He compared the signatures in Exs. 18, 24 and 24 with the handwriting in Exs. 8 to 16. These exhibits viz., 8 to 16 were the specimen handwriting and signatures of the accused; it is seen from the evidence of the Police Sub-Inspector Malgund that he had taken these specimen handwriting and signatures in the presence of the Panchas on 10-6-1953. In the course of his examination by the Sessions Judge, the accused has admitted that Exs. 8 to 16 are in his handwriting. The Handwriting Expert Wagh has given evidence to the effect that in his opinion the signatures on Exs. 18, 24 and 24 are in the same hand as the writings and signatures in Exs. 8 to 16. He has stated in his evidence that he has examined more than twenty thousand disputed documents and he seems to be a man of considerable experience in the identification of handwritings.
In Ex. 35, he has given detailed reasons in support of his opinion in regard to the signatures on Exs. 18, 34 and 24. Nothing has been elicited in the course of his cross-examination to show as to why his opinion should not be accepted. In regard to the two exhibits marked 24, there is also the further evidence of the Branch Postmaster Veerappa Sindogi that the endorsements in Kannada thereon, are by the accused. He is a person who was accustomed to see the handwriting of the accused and there is no reason why due weight should not be attached to his evidence. It was contended by Sri Javaji the learned Advocate for the appellant that Exs. 8 to 16. are hit by Section 162 of the Code of Criminal Procedure and that, therefore, these documents are inadmissible in evidence.

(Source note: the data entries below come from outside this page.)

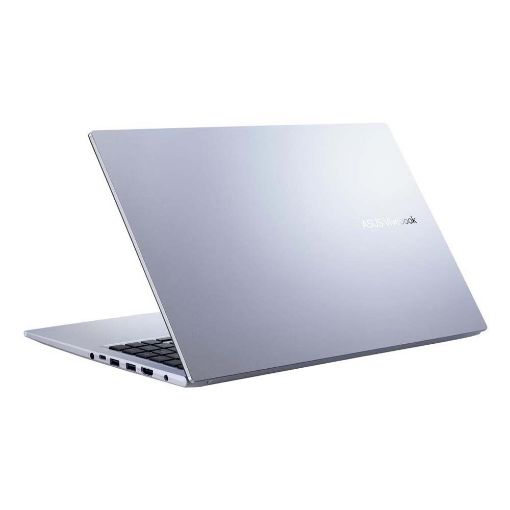 Εικόνα της Laptop Asus VivoBook 15 X1502ZA-BQ322W 15.6" Intel Core i3-1215U(3.30GHz) 8GB 512GB SSD Win11 Home Icelight Silver 90NB0VX2-M01B90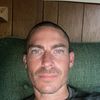 Mark Graham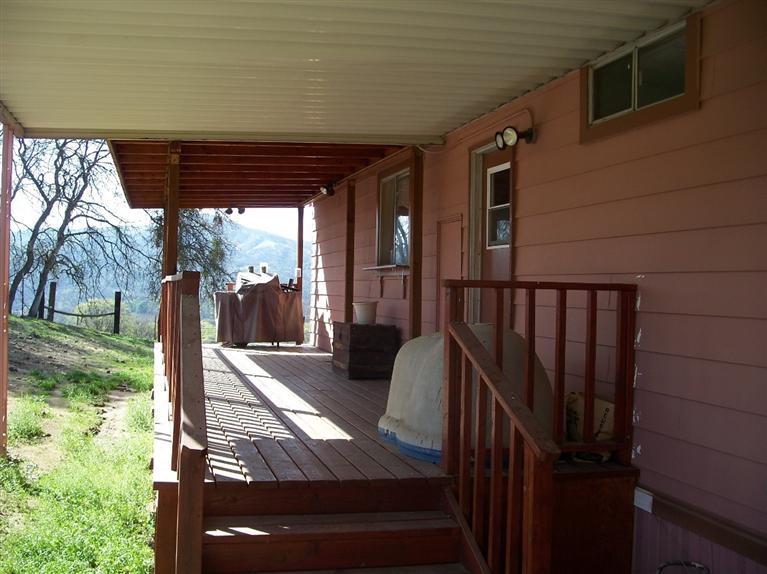 29160 Watts Valley Road Clovis, CA 93619 - Photo 24 of 24 Gallery Image 24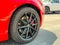2024 Toyota GR86 Premium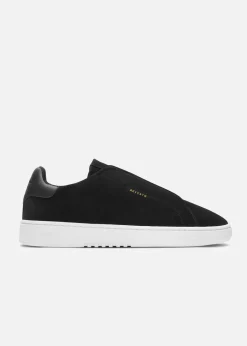 Dice Laceless Sneaker
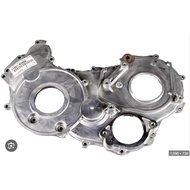 Original Land Cruiser Prado Timing Housing 1KZ-TE 11321-67030 KZJ78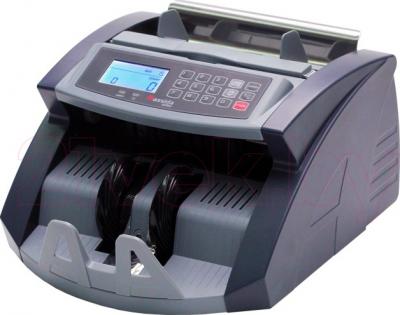 Изображение товара Счетчик банкнот Cassida 5550 UV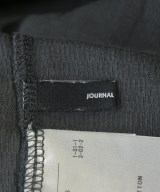 JOURNAL STANDARD（ジャーナルスタンダード）Tシャツ・カットソー グレー サイズ:-(L位) レディース/2200707664088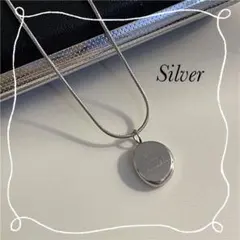 Item thumbnail for item ab11c26d-ada4-47eb-9694-a3f95b9a4942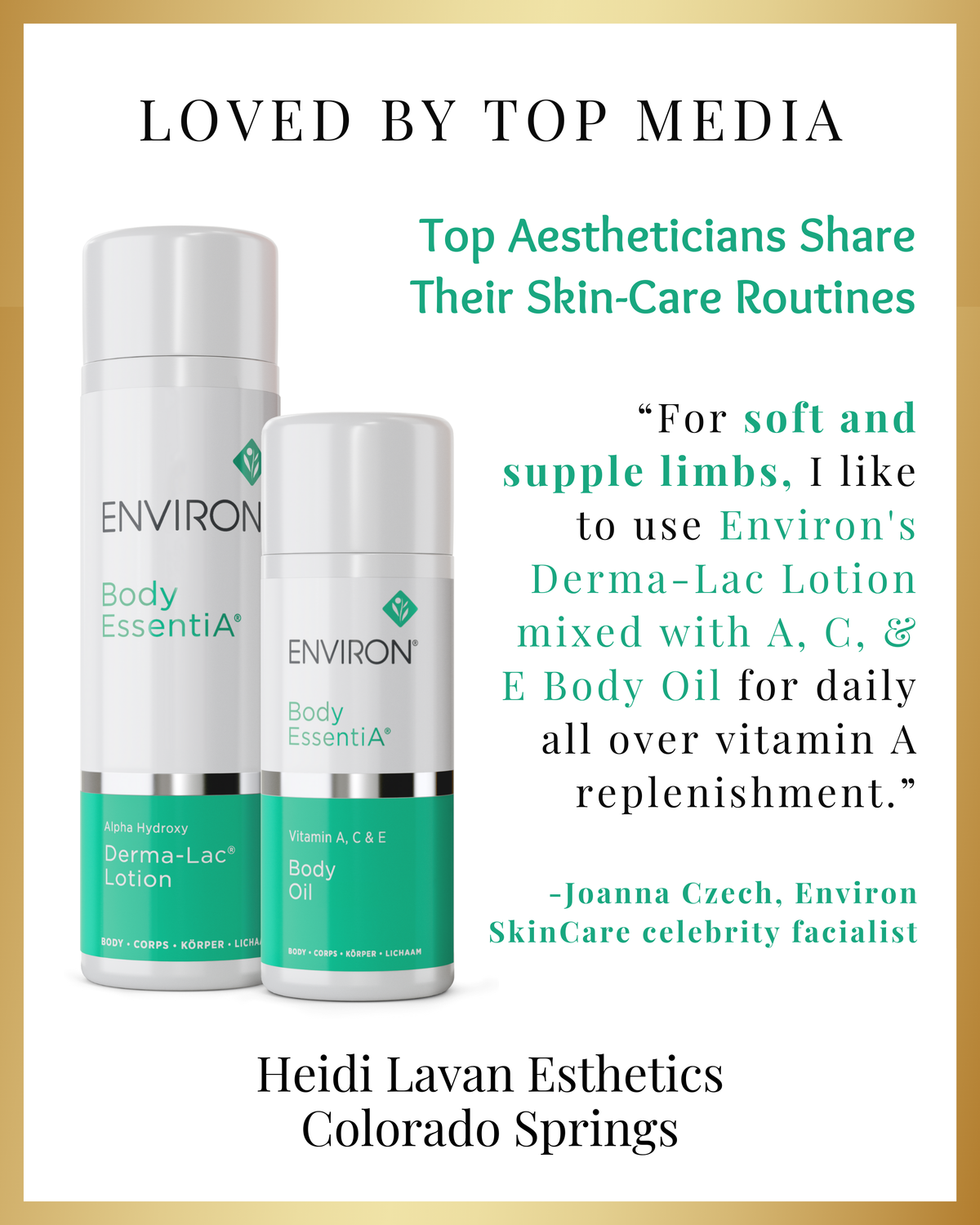 Alpha Hydroxy Derma-Lac Lotion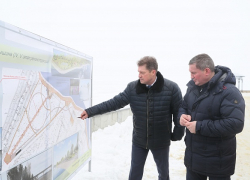 Президент определил критерии эффективности работы губернаторов, которые можно распространить и на глав муниципалитетов?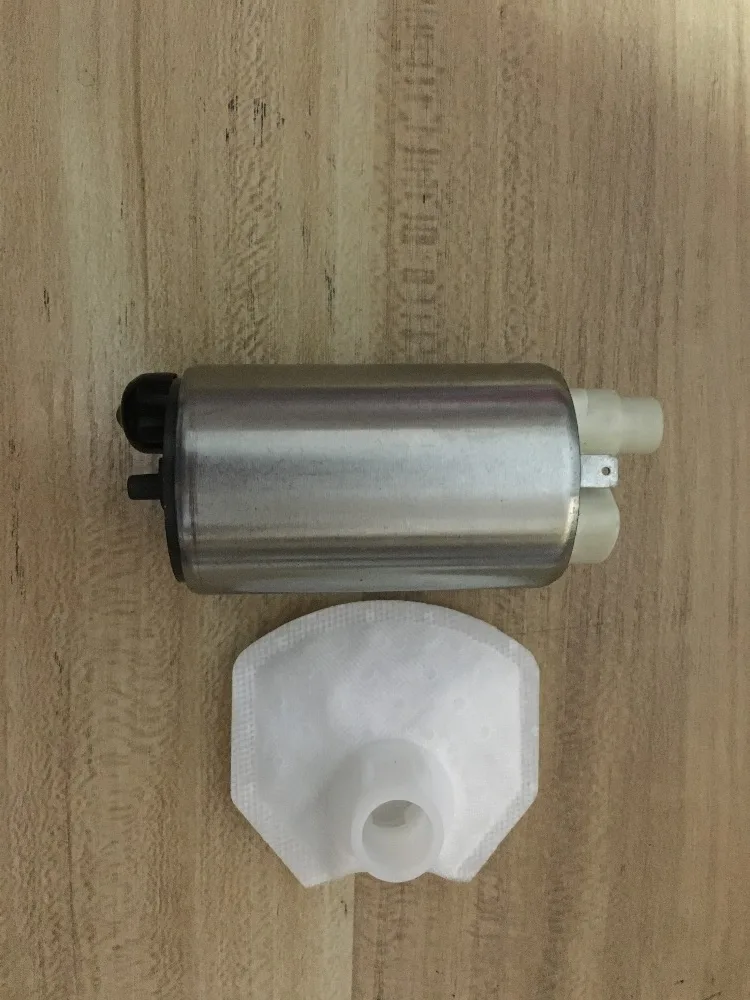15100-18H00 UC-T35 strainer and Fuel pump case for Bandit GSF1250 GSF1250S 2010-2014 W/filtter
15100-18H00 UC-T35 strainer and Fuel pump case for Bandit GSF1250 GSF1250S 2010-2014 W/filtter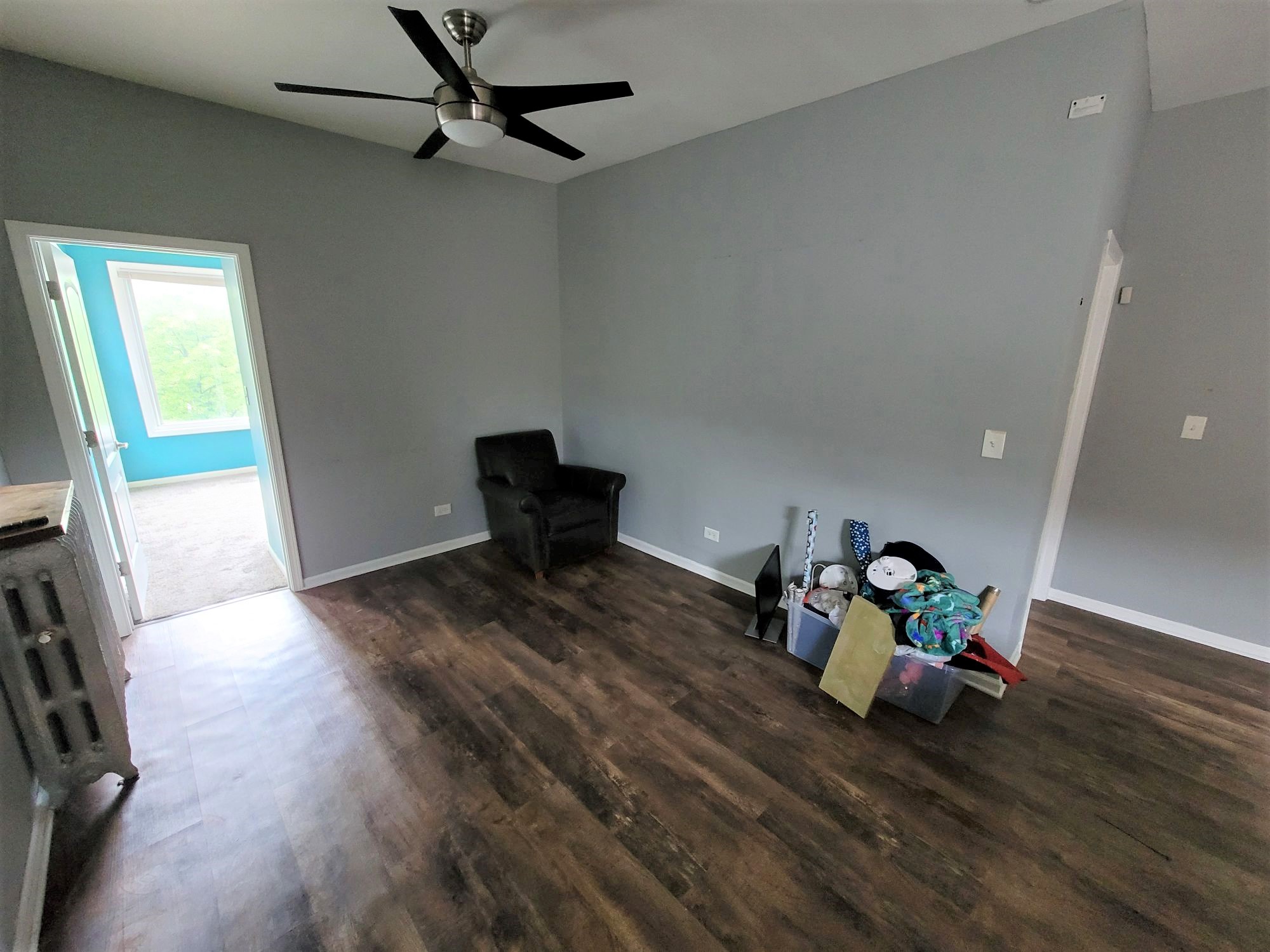 Image of  4408 N Magnolia, #631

His contention is that these specimen writings are all in the nature of statements falling within the scope of Section 162 of the Cr, P.C. In support of his contention, Sri Javali relied on the following observations made by their Lordships of the Supreme Court in the decision of Ramkishan v. State of Bombay : 1955CriLJ196 :
'This statement may be express or implied. The identifier may point out by his finger or touch the property or the person identified, may either nod his head or give his assent in answer to a question addressed to him in that behalf or may make signs or gestures which arc tantamount to saying that the particular property identified was the subject matter of the offence or the person identified was concerned in the offence.'
It was argued on the strength of these observations that when gestures, nods or signs involved in the process of identification amounted to statements under. Section 162 of the Cr. P.C., the writings by an accused person made to the dictation of a Police Officer, would also amount to statements within the scope of Section 162 of the Cr. P.C. It would appear from the evidence of the Paneh witness Appayyappa Molawanki that the accused wrote Exs. 8 to 16 to the dictation of the Police Sub-Inspector; thera docs not appear to he anything in the observations made by their Lordships of the Supreme Court in the decision above referred to, which would support the proposition that a writing made by the accused under such circumstances, would amount to a statement within the meaning of Section 162 of the Cr. P.C. A similar contention was negatived by the Bombay High Court in the case (Emperor v. Ramrao Mangesh AIR 1932 Bom 406 at p. 409).
There the question arose as to whether the writings on blank slips by the accused at the direction of the Police Officer, could not be statements within the moaning of Section 63 of the City of Bombay Police Act of 1902 (the provisions of which were similar to the provisions of Section 162 Cr. P.C.). The Court held that they were not statements within the meaning of that Section. There is also one other circumstance in view of which, this contention loses all its force.
It is seen from the evidence of Police Sub Inspect Mulgund that it was after obtaining the permission of the Magistrate on 5-11-1954, that he took up the investigation in these cases. But, the handwriting and signatures in Exs. 8 to 16 had been obtained as long back as on 10-6-1953, it is seen that they had been obtained in connection with the investigation of another criminal case pertaining to an excise offence; these writings and signatures having been obtained long prior to the commencement of the investigation of the offences to which these Sessions Cases relate, they cannot come within the scope of Section 162 of the Cr. P.C.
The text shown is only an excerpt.